>>>>

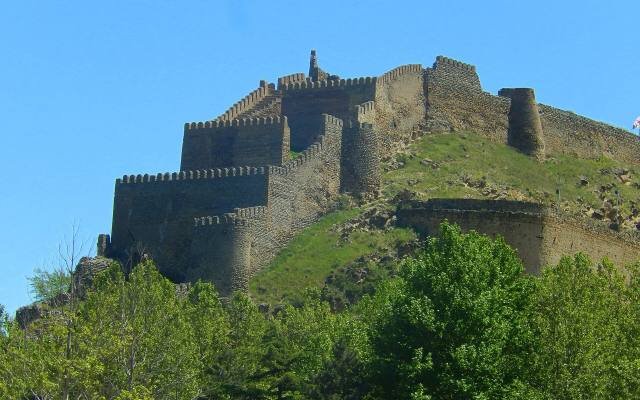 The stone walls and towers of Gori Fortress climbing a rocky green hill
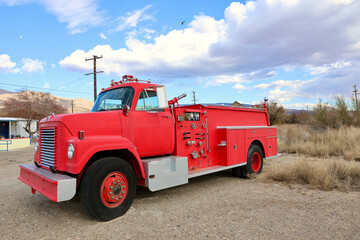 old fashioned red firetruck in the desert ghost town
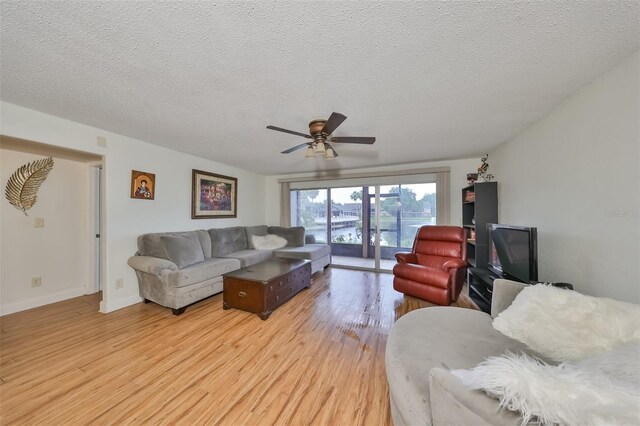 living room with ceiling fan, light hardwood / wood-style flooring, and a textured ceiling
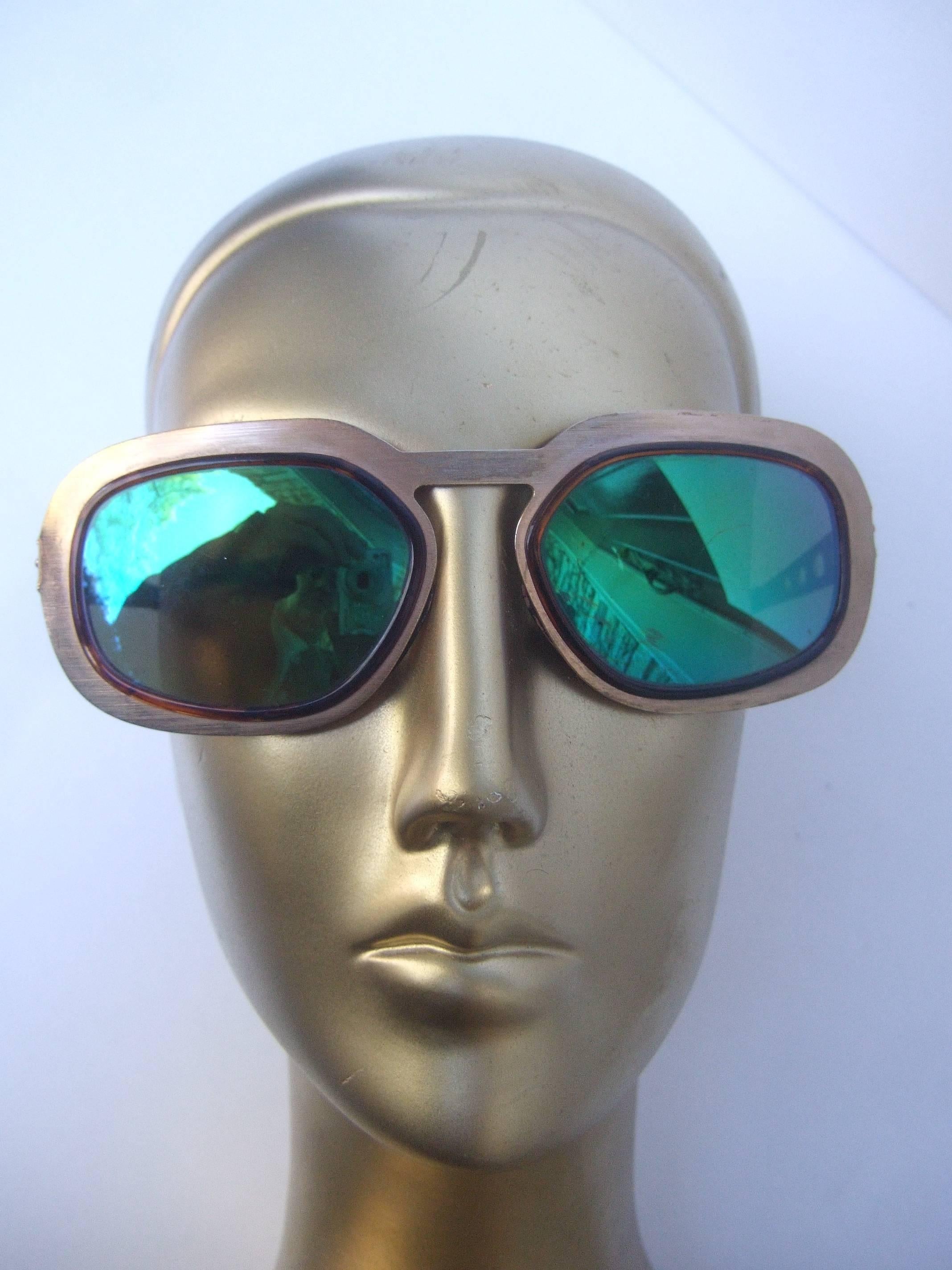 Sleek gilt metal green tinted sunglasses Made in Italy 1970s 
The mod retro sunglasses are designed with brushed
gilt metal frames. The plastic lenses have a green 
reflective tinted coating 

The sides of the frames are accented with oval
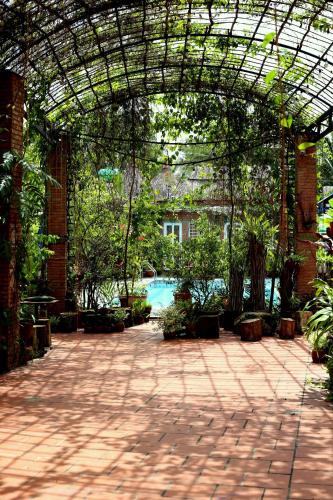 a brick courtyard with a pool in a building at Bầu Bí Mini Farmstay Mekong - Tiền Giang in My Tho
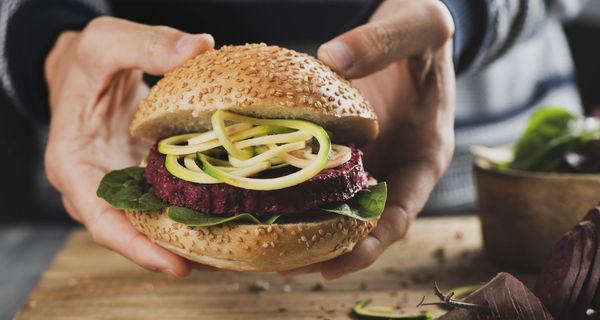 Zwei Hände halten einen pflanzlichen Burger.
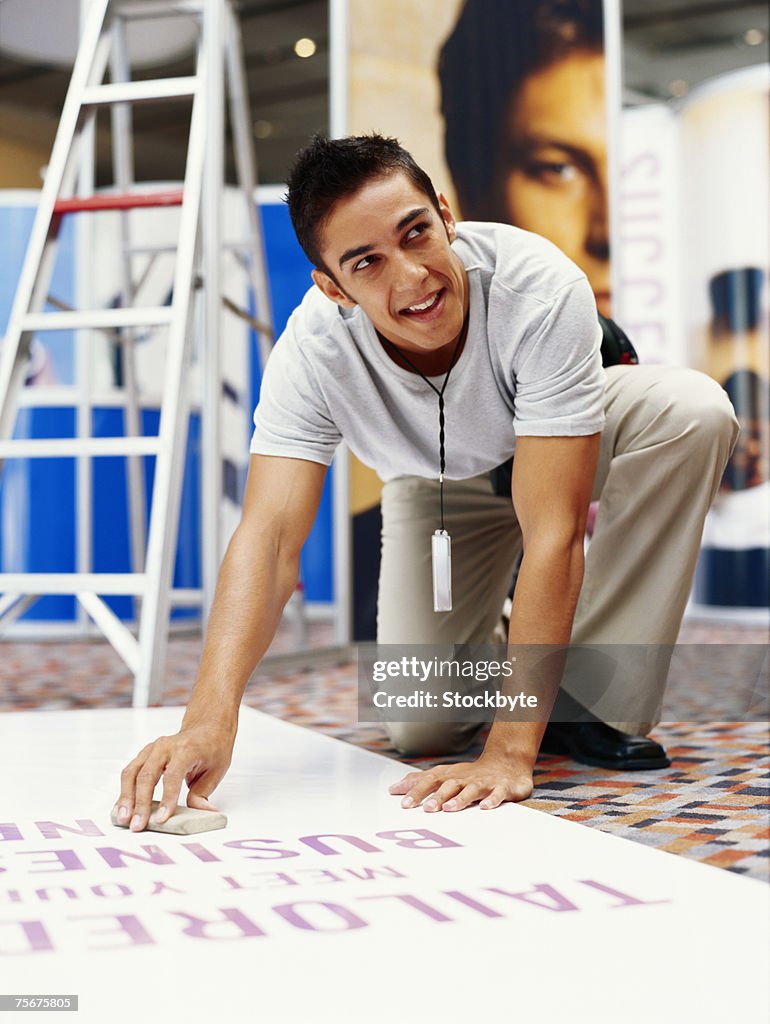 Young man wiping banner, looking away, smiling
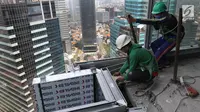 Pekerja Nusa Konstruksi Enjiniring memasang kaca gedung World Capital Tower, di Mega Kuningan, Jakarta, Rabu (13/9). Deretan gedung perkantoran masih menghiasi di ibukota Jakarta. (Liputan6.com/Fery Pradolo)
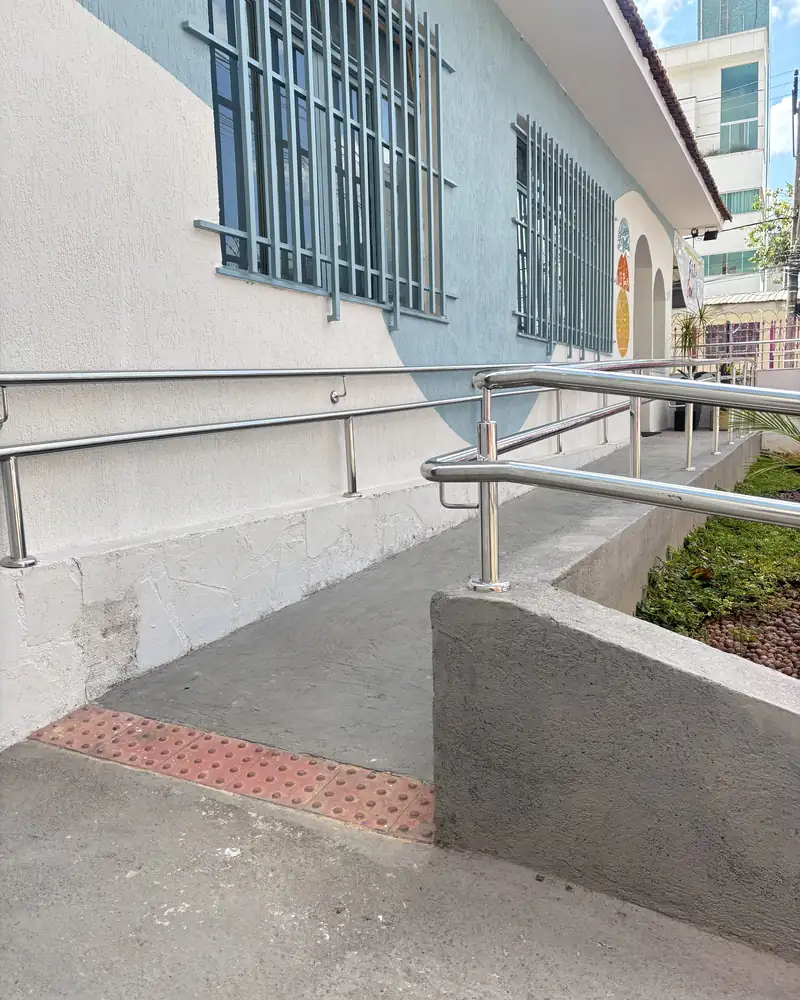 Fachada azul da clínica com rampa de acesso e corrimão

<<<<

Write the full listing out again with every line unchanged, but include no pictures.

 The stone walls and towers of Gori Fortress climbing a rocky green hill
 old fashioned red firetruck in the desert ghost town
 living room with ceiling fan, light hardwood / wood-style flooring, and a textured ceiling
 Sleek gilt metal green tinted sunglasses Made in Italy 1970s 
The mod retro sunglasses are designed with brushed
gilt metal frames. The plastic lenses have a green 
reflective tinted coating 

The sides of the frames are accented with oval
 a brick courtyard with a pool in a building at Bầu Bí Mini Farmstay Mekong - Tiền Giang in My Tho
 Zwei Hände halten einen pflanzlichen Burger.
 Young man wiping banner, looking away, smiling
 Pekerja Nusa Konstruksi Enjiniring memasang kaca gedung World Capital Tower, di Mega Kuningan, Jakarta, Rabu (13/9). Deretan gedung perkantoran masih menghiasi di ibukota Jakarta. (Liputan6.com/Fery Pradolo)
 Fachada azul da clínica com rampa de acesso e corrimão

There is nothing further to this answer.